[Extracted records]
* * *
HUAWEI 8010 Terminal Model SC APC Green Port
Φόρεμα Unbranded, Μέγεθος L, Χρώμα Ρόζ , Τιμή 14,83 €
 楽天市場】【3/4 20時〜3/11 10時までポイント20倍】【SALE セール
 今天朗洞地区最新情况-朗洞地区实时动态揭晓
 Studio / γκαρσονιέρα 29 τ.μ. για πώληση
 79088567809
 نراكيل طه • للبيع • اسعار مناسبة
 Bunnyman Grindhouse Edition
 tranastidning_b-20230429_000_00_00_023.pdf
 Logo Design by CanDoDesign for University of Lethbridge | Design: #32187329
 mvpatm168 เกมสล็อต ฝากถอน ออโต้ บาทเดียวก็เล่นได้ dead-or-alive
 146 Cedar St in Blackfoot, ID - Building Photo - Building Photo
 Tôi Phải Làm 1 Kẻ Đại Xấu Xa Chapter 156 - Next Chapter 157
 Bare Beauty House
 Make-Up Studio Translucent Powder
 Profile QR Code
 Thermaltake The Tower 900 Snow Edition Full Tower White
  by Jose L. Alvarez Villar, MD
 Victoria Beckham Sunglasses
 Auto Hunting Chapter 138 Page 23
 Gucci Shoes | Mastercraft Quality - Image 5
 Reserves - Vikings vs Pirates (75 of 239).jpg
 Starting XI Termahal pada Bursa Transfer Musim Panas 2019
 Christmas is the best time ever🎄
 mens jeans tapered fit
* * *
#### Directions
Write out again, exactly, the line containing "Make-Up Studio Translucent Powder" and every later line of the records. Omit the rest.

#### Response
 Make-Up Studio Translucent Powder
 Profile QR Code
 Thermaltake The Tower 900 Snow Edition Full Tower White
  by Jose L. Alvarez Villar, MD
 Victoria Beckham Sunglasses
 Auto Hunting Chapter 138 Page 23
 Gucci Shoes | Mastercraft Quality - Image 5
 Reserves - Vikings vs Pirates (75 of 239).jpg
 Starting XI Termahal pada Bursa Transfer Musim Panas 2019
 Christmas is the best time ever🎄
 mens jeans tapered fit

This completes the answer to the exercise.